Kingsley stared at his computer screen even as his hands played with a pink quartz stone that he found himself grabbing every time he chatted with Lena online. If they ever met, the stone would be his first gift to her. He would also gift her with the hematite stone he had been carving into an intricately designed pendant specifically for her. He had charged both the stone and the pendant with protective charms and energies that would keep her safe.
He wished he could cut through the get-to-know-you, hesitant circling-one-another bullshit and demand a face-to-face meeting with her immediately. He wanted to look into her eyes and read the truth in her soul. Something in her words, her profile, pulled at him, but he needed to meet her in order to confirm she was the woman he had been searching in vain for since he had learned the difference between boys and girls.
****
Lena looked at his last question and froze. What was stressing her to the point she could not sleep more than a few hours at night?
Sure, at fifty-one, she was an older single woman and hormones had been wrecking her sleep for years, but this was more than just that. Work was … well, work. It paid her well enough to deal with unhappy customers while keeping a smile on her face. Most of the time she wanted to tell them what stupid sacks of excrement they were for yelling at her, when the printed instructions attached to the power cord clearly warned not to immerse the electric whatever-they-bought in water, but they did it anyway.
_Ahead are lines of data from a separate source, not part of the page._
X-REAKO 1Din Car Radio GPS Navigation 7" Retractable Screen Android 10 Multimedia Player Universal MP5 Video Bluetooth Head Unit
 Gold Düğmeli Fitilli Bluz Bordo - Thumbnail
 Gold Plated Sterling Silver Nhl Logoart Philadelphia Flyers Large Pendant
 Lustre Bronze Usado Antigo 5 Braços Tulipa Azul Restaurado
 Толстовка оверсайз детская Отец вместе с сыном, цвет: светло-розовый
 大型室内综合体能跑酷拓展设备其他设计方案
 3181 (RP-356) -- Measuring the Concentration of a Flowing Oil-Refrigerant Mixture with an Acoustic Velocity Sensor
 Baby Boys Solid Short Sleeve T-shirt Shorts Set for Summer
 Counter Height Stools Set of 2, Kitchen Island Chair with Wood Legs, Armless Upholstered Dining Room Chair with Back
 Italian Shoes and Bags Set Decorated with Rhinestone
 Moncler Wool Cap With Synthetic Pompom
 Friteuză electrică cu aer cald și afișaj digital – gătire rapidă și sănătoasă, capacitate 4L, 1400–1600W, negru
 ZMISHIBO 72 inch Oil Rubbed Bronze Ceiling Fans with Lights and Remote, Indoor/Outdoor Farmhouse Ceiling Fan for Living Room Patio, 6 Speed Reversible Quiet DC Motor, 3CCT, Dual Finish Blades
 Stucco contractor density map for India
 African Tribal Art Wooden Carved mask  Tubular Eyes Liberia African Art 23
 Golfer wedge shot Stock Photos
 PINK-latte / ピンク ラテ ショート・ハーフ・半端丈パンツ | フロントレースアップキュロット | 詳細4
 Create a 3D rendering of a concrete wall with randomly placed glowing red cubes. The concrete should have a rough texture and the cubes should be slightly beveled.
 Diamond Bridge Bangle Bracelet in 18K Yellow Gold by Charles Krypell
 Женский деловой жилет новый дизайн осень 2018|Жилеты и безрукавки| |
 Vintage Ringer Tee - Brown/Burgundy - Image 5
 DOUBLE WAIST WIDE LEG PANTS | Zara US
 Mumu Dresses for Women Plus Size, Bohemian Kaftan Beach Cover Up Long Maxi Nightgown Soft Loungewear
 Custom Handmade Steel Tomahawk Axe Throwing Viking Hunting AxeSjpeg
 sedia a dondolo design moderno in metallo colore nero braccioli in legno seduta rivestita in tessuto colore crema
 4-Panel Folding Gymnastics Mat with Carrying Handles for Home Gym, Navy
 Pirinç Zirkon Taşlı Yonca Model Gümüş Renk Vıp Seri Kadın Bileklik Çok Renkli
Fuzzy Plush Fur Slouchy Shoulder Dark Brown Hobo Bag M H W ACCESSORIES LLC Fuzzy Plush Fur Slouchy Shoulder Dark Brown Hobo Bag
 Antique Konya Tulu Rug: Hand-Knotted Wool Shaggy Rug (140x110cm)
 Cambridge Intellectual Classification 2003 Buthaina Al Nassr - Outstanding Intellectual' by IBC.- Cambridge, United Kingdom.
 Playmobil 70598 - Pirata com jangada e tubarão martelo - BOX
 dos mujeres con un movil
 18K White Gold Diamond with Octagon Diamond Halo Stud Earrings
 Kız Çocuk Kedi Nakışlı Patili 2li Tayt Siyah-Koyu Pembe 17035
Probably her biggest stressor tonight was the dream she had woken from at 2:03 in the morning. The one where she died all alone and no one missed her or bothered to check on her for over a week, until the neighbors complained of the smell emanating from her apartment. She did not even own a pet, so there would not be an animal whining or making a fuss when she died.
All she had was her job as a home-based customer service representative, her online friendships, and … and that was it. Since her divorce from Charles, and later his attack and suicide, she had grown distant from the rest of her family, and the few friends she had in the city. Life, their families, and the physical scars Charles had left her with had driven huge wedges between her and the rest of the world.
Charles was now dead, having killed himself when the police closed in after he had left her scarred—inside and out—in ways she could barely explain to herself, much less anyone else.